Three recent news items support the forecast here that China has returned to a moderate, stable growth path. First, six-month industrial output expansion revived further to 5.5% (not annualised) in October, up from a low of 1.5% in August*. This is not far beneath the post-2005 average of 6.8% and accords with recent below-par but satisfactory purchasing managers’ survey results – see first chart.
Secondly, a transformed version of the OECD’s Chinese leading indicator was little changed in September at a level consistent with a further recovery in output expansion – second chart. The indicator, admittedly, has overpredicted recent growth, though seems correctly to have ruled out a “hard landing”. (Claims that the economy has been much weaker than reported are unconvincing, since official output statistics broadly agree with coincident indicators such as the PMIs and equity analysts’ earnings revisions.)

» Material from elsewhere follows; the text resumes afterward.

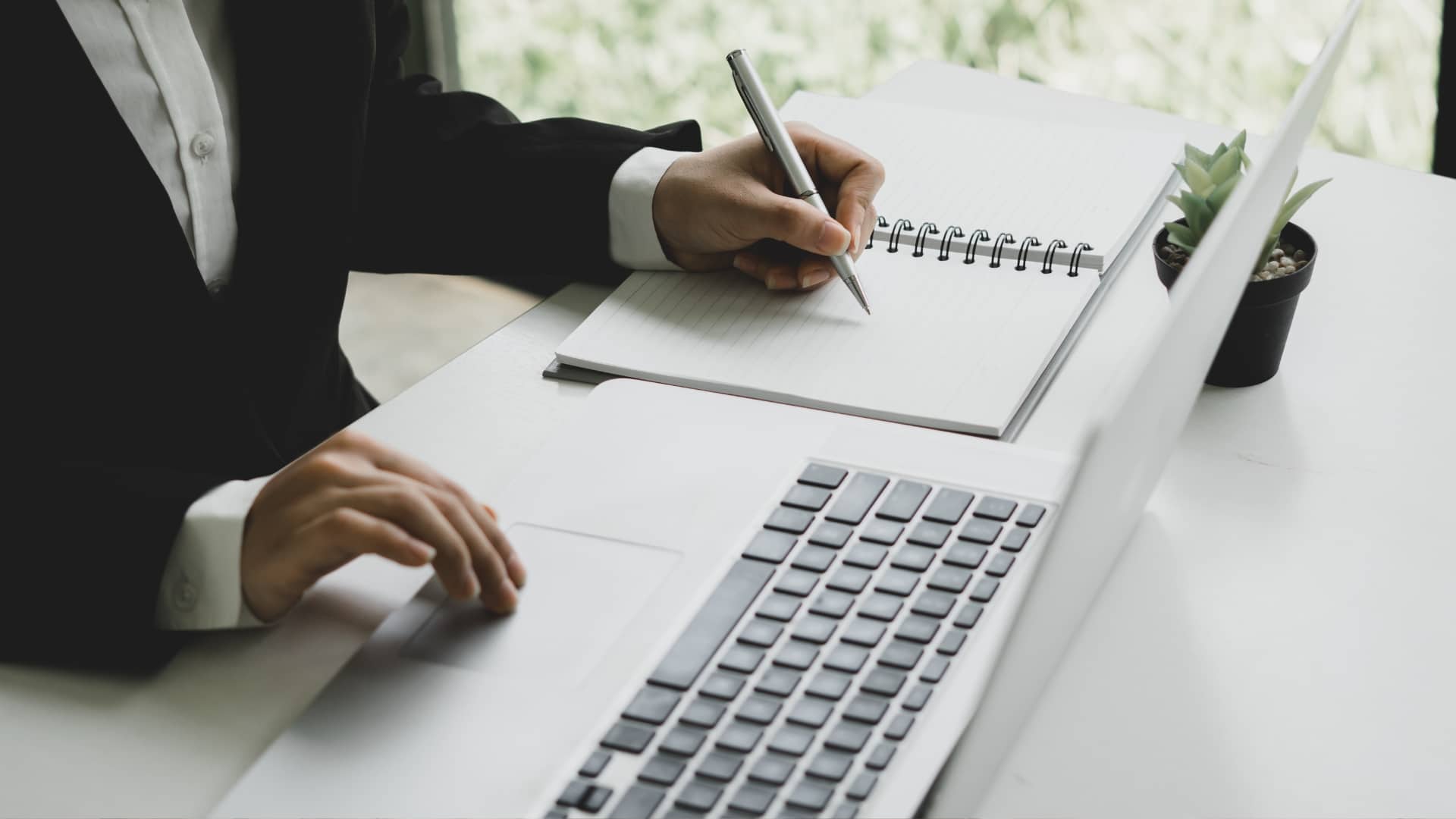 Accountant using advanced tax software to identify deductions and credits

Thirdly, real narrow money M1 – the best monetary leading indicator of the economy – continues to recover, with six-month expansion rising to 4.9% (not annualised) in October. The pick-up, however, pales in comparison with 2009, when six-month growth peaked at 21.6%. Economic prospects are improving at the margin but growth will remain subdued by recent standards. Low inflation, however, implies scope for further policy stimulus should the recover falter.
China faces major structural challenges but the authorities appear to have managed the cycle skilfully, maintaining restrictive monetary conditions long enough to break inflationary psychology but easing just in time to avert a crash landing for the economy – a risk when real M1 was contracting in late 2011 / early 2012.
*Based on an output levels series estimated from official data on year-on-year growth and monthly values / prices.